→ **Description of the task**:
Please return the lines of the data that contain "Page".

Saved data entries:
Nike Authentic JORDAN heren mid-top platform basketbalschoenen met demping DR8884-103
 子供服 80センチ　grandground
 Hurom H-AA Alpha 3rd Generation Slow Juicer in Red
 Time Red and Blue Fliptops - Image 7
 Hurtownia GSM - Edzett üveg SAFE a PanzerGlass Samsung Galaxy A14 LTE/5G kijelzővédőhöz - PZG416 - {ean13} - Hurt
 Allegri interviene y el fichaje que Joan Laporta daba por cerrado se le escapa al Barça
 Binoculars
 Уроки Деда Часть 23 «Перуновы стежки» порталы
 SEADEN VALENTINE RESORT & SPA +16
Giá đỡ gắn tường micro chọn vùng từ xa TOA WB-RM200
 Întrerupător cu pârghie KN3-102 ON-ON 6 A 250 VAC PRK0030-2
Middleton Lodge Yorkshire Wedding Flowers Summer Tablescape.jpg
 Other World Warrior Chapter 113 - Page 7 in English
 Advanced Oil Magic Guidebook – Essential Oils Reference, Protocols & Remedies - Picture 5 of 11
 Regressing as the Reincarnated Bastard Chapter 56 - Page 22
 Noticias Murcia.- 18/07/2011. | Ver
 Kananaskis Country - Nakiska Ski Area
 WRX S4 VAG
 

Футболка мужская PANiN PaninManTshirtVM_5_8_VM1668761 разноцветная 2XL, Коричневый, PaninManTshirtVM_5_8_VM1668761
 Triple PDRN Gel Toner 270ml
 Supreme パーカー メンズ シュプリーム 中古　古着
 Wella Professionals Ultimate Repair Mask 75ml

→ **Task answer**:
 Other World Warrior Chapter 113 - Page 7 in English
 Regressing as the Reincarnated Bastard Chapter 56 - Page 22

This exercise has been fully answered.